Para um clube que tem como máxima “Ganhar não é apenas importante, é a única coisa que conta”, o território doméstico há muito que se esgotou. É certo que o Nápoles deu luta na época passada e que a perspectiva de um oitavo Scudetto consecutivo também seduz, mas há muito que os olhos dos adeptos estão postos na Liga dos Campeões. “Queremos ganhar na Europa, tem de ser esse o nosso objectivo. Vencer em Itália e vencer na Europa”, determinou recentemente o actual presidente da “Vecchia Signora”.

Agora sim, avancemos para a explicação. A expressão remonta aos primórdios do clube, inicialmente impulsionado pela aristocracia britânica e mais tarde “adoptado” pela poderosa família Agnelli. Naqueles tempos, a classe operária referia-se à elite dominante e aos empresários mais influentes como “velhos senhores”, uma alcunha que fazia justiça ao perfil da Juventus (ainda que a raiz do nome remeta justamente para o oposto, uma ideia de juventude) e que perdura até hoje.

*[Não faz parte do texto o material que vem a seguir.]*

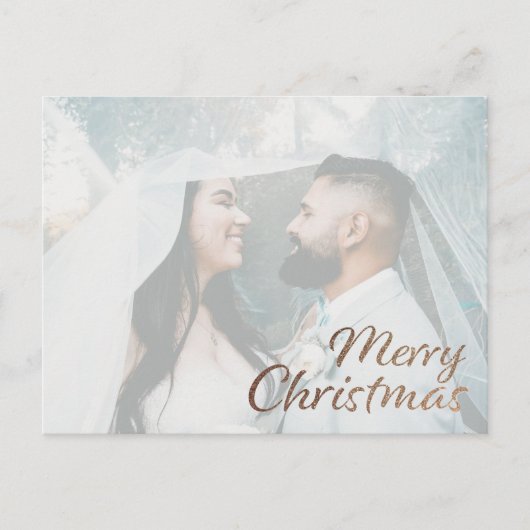 Carte Postale Joyeux Noël Faux Gold Parties scintillant Photo (Devant)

Nada que incomode Andrea Agnelli, ainda que o dirigente de 42 anos, que aprofundou a ligação da família ao futebol ao assumir funções na Associação Europeia de Clubes e no Comité Executivo da UEFA, avance com uma interpretação ligeiramente diferente. “A Juventus é conhecida como a namorada de Itália. É provavelmente a mulher com quem todos querem estar”.